• [Task brief]: Your task is to write out the entire listing exactly, omitting its pictures.

• [Data extract]:

-----

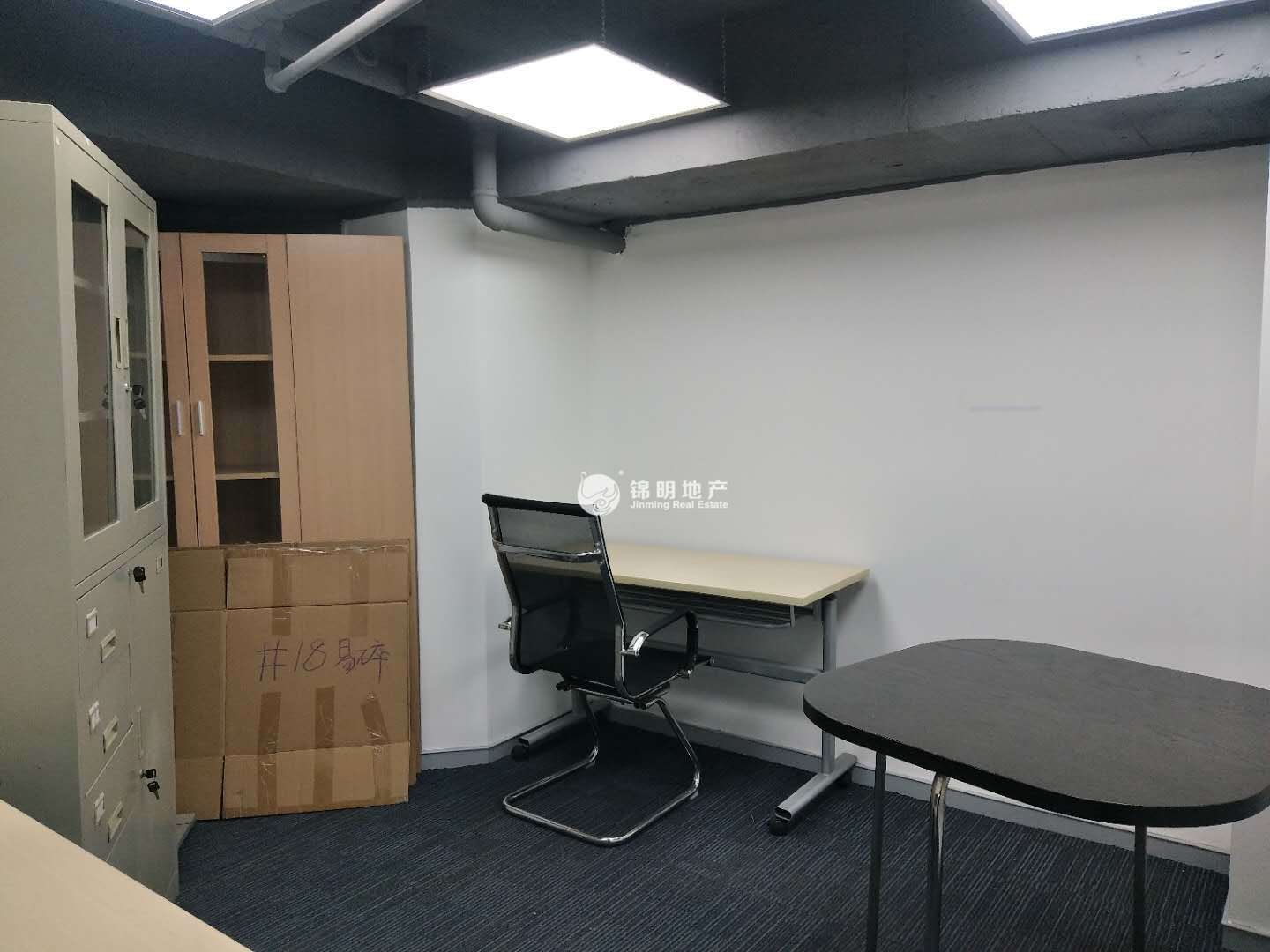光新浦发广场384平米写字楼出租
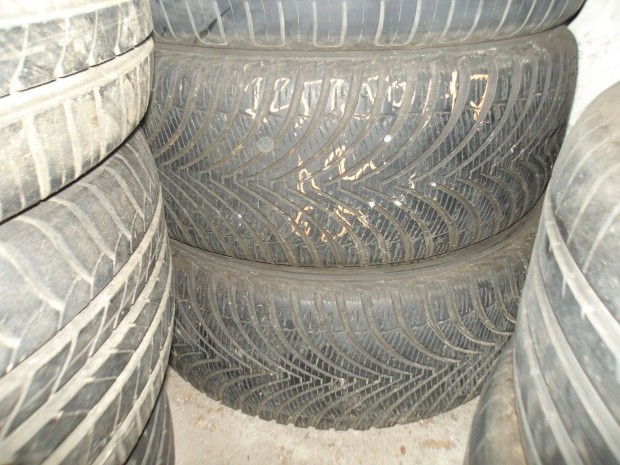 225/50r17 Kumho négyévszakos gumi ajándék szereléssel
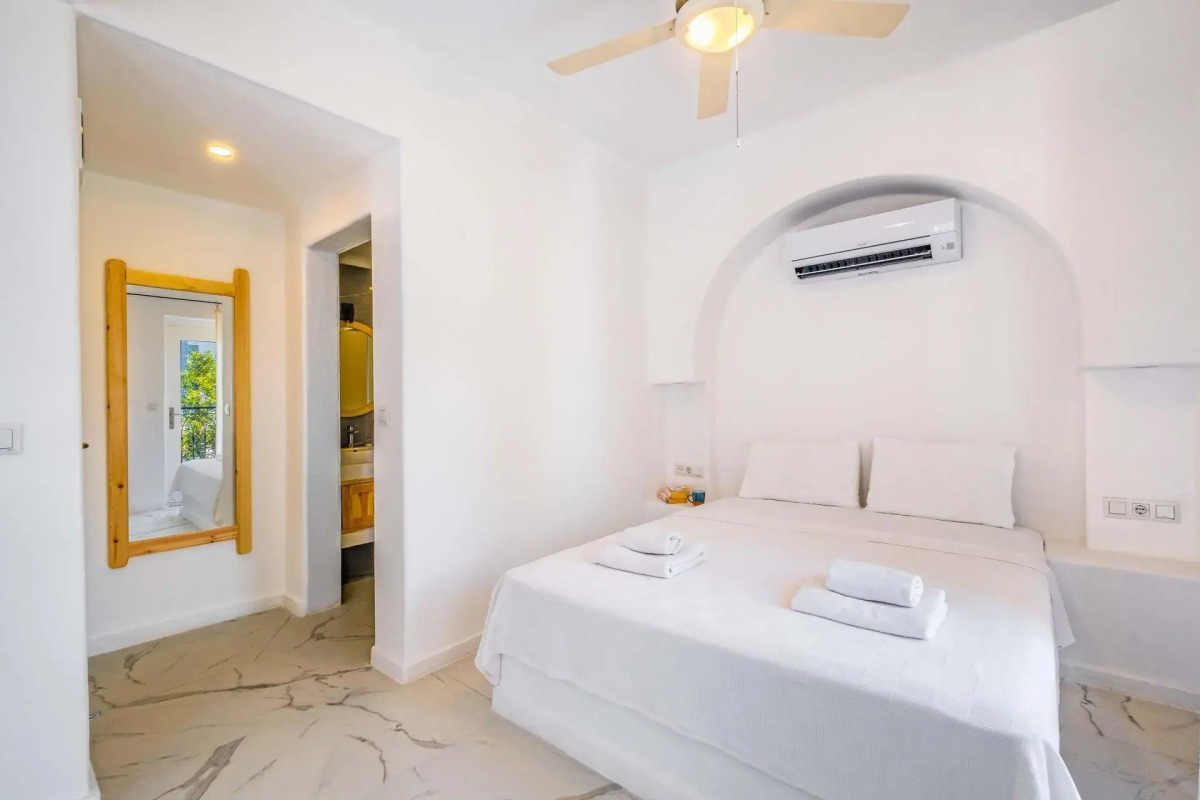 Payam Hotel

-----

• [Output]:
光新浦发广场384平米写字楼出租
 225/50r17 Kumho négyévszakos gumi ajándék szereléssel
 Payam Hotel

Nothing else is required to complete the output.